Up at 5 am, 2.5 hours before race start. Had a quick breakfast and decided to go for the sleeveless top instead of my sleeved race kit. No reason for this, just a personal preference I had on race morning. I figured as long as I remembered to hit up some volunteers for sunscreen before the bike, I would be ok. Once getting to transition, I made sure all of my gear bags were correct and headed to my bike to put on my bike computer and make sure all my nutrition was ready to go for the long ride ahead. After that I hopped on the shuttle with all the other athletes to take us to the swim start 3.8 km away.
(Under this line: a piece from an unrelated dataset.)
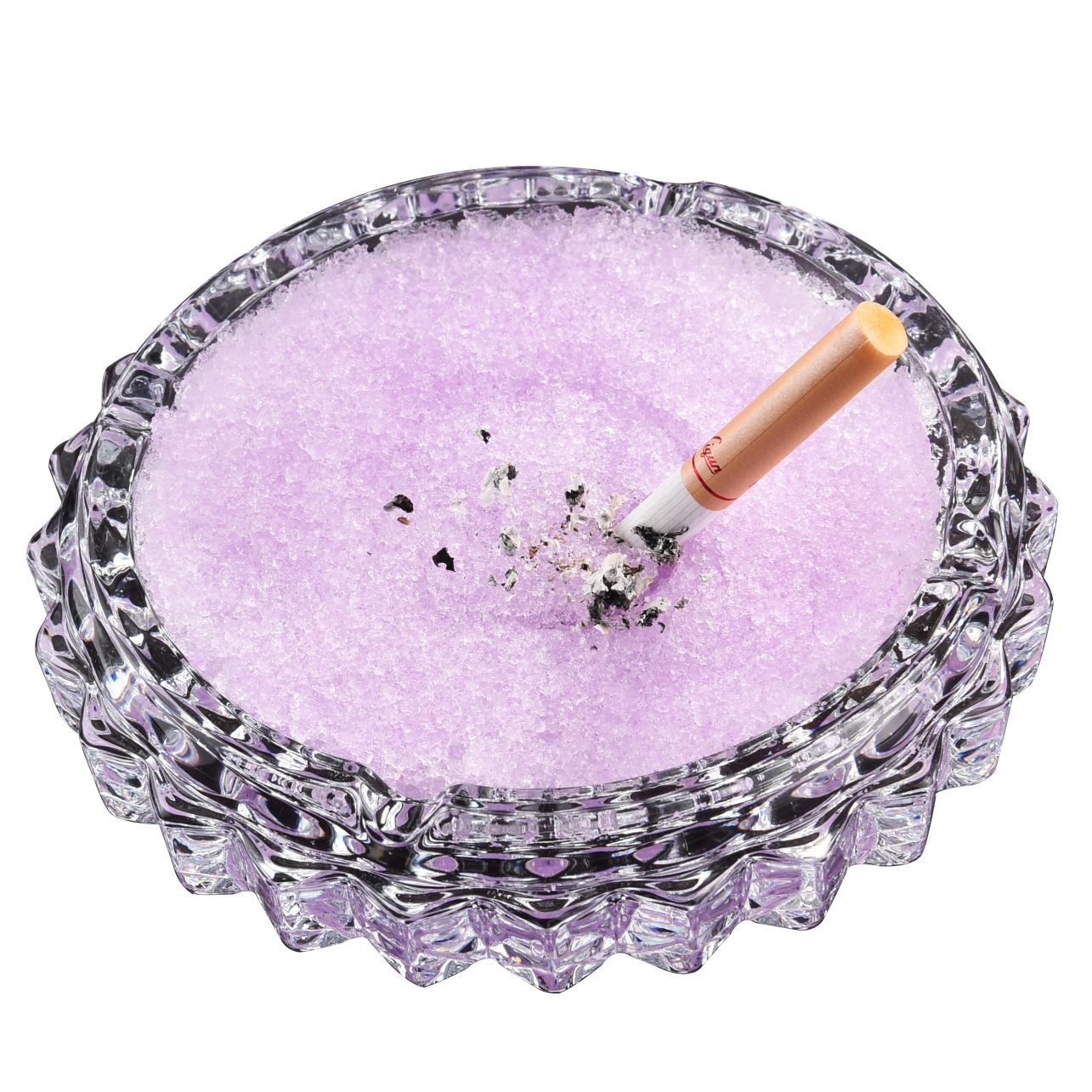 夜市网红地摊爆款太空灭烟沙 香薰去除烟灰清洁剂室内车内烟灰净-阿里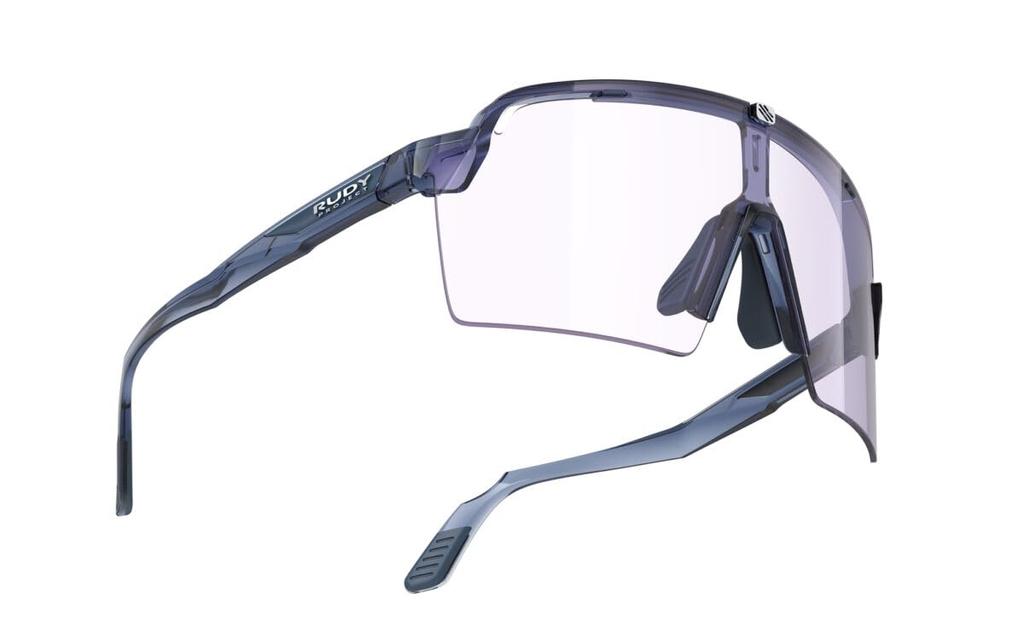 Rudy Project SpinShield PRO Crystal Avio X2 Photochromic Laser Purple Gloss/Impact SP987502-0000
I knew this swim would be fast as it’s a point to point swim straight down the Tennessee river. With my training pool being closed for most of the month before the race, I didn’t have any goals for this swim other than limit my deficit to the main pack as much as I could. The water was very, very warm, making it wetsuit illegal. Luckily I had my Xterra Valor Speedsuit to help give as much advantage as possible without wearing a wetsuit. The swim went by quickly. I dropped from the main pack within the first few hundred meters and swam the rest of the swim by myself, coming out in just under 52 minutes, about 6 minutes back from the main pack. Unfortunately, I made the mistake of exiting the change tent in transition in the wrong place and upon correcting was too out of it to remember to put on sunscreen for the ride. A mistake that I’m sure cost me some time and made the next few days very painful!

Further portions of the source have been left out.